> Problem statement
Set every line of the data down again exactly, and keep the pictures out.

> Material provided
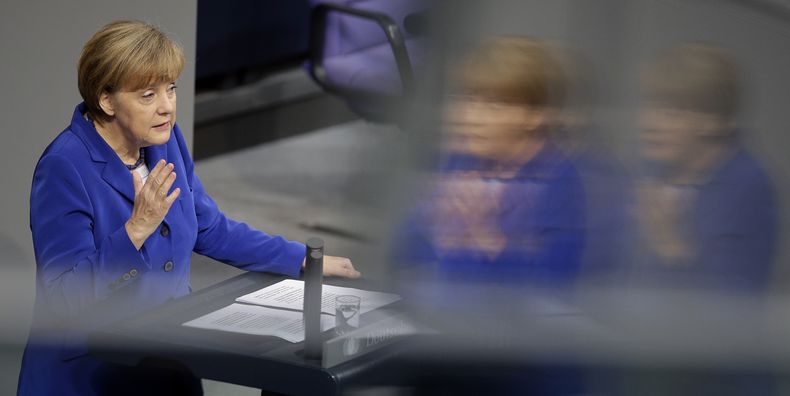 La canciller alemana, Angela Merkel, gesicula durante un discurso ante el parlamento federal alem&aacute;n, el Bundestag, en Berl&iacute;n, el 16 de octubre de 2014. Los reflejos est&aacute;n causados por las ventanas de la tribuna de visitantes. (Foto AP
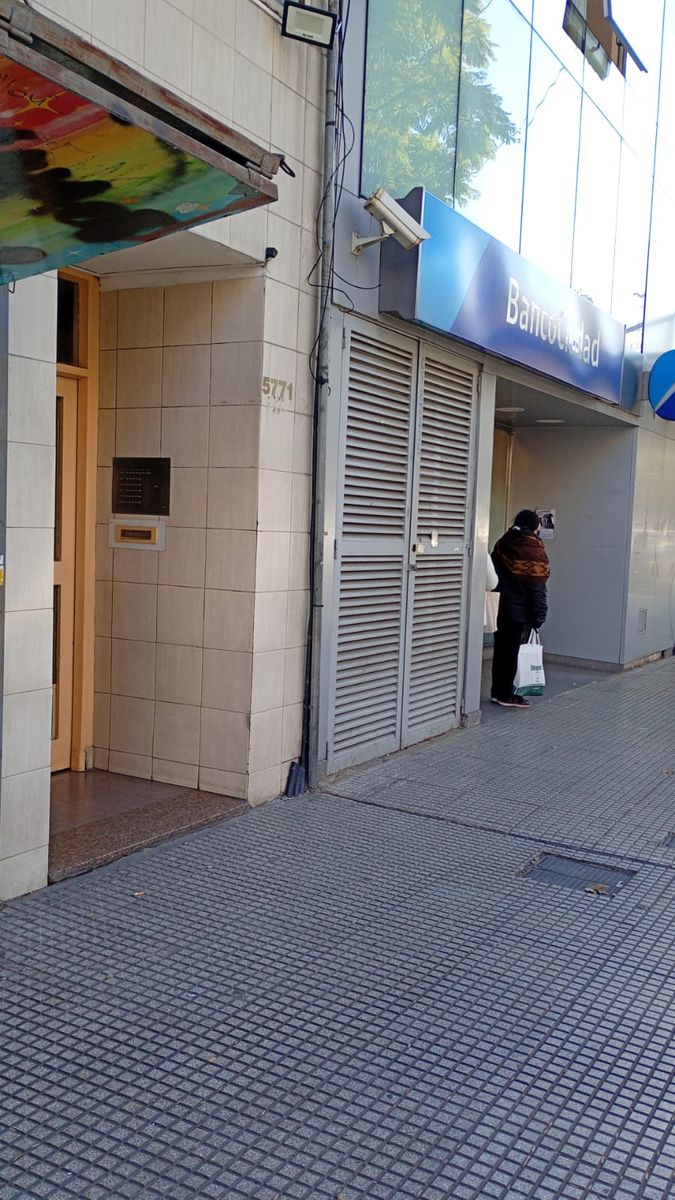 ALBERDI 5771 · Mataderos — foto 3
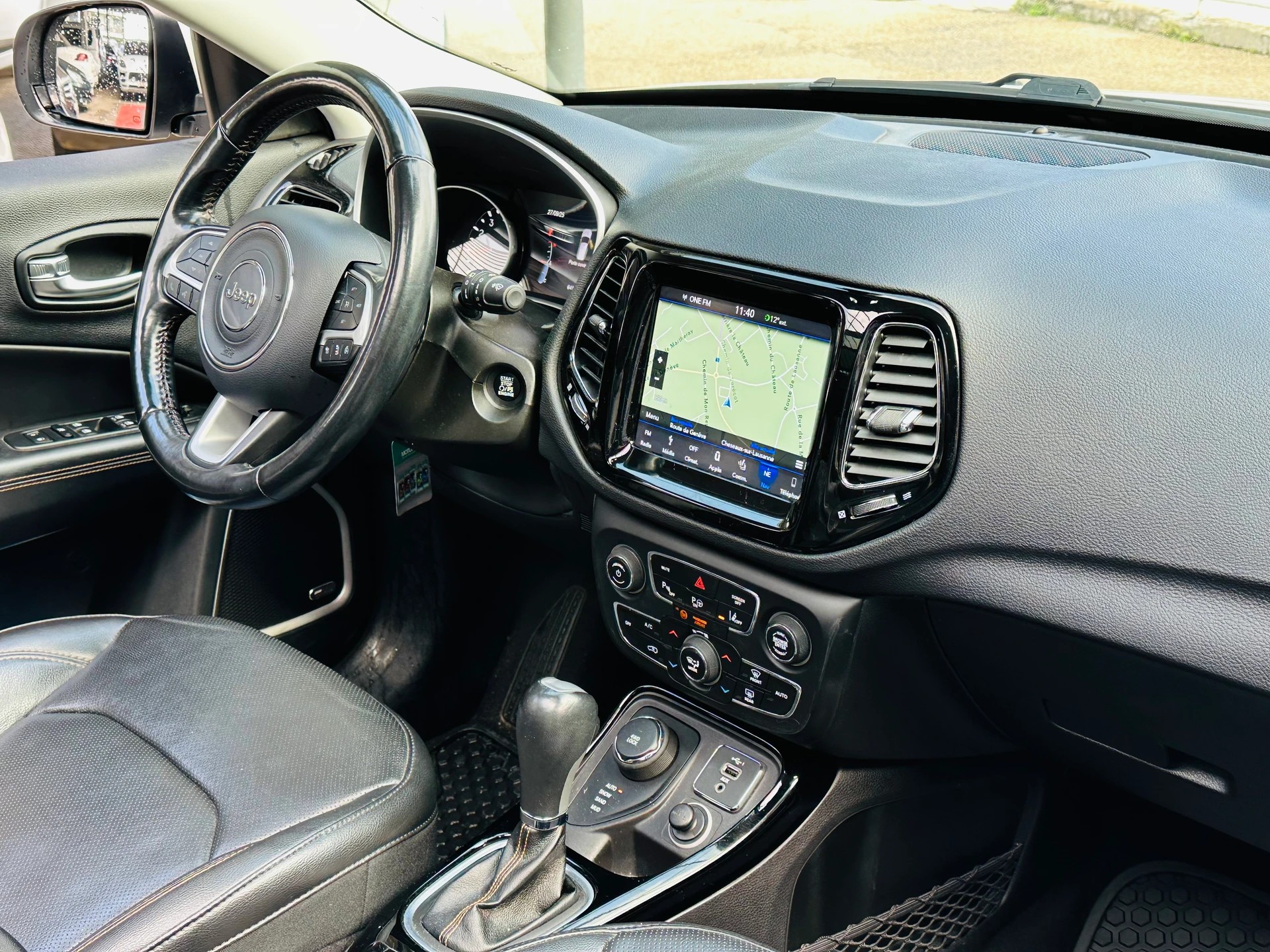 JEEP Compass 1.4 Turbo Limited AWD 9ATX-image-8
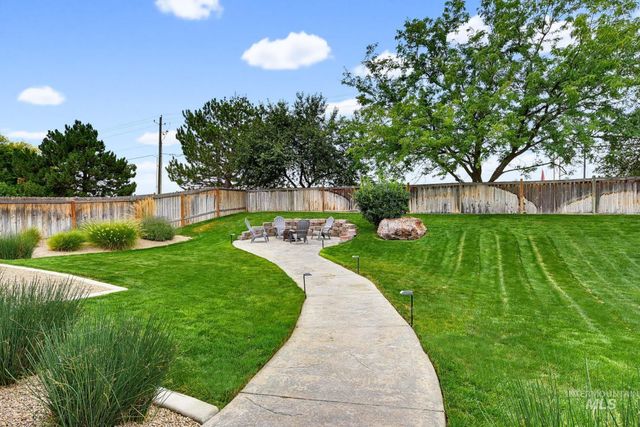 842 W Hackamore Ave, Nampa, ID 83686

> Result of the task
 La canciller alemana, Angela Merkel, gesicula durante un discurso ante el parlamento federal alem&aacute;n, el Bundestag, en Berl&iacute;n, el 16 de octubre de 2014. Los reflejos est&aacute;n causados por las ventanas de la tribuna de visitantes. (Foto AP
 ALBERDI 5771 · Mataderos — foto 3
 JEEP Compass 1.4 Turbo Limited AWD 9ATX-image-8
 842 W Hackamore Ave, Nampa, ID 83686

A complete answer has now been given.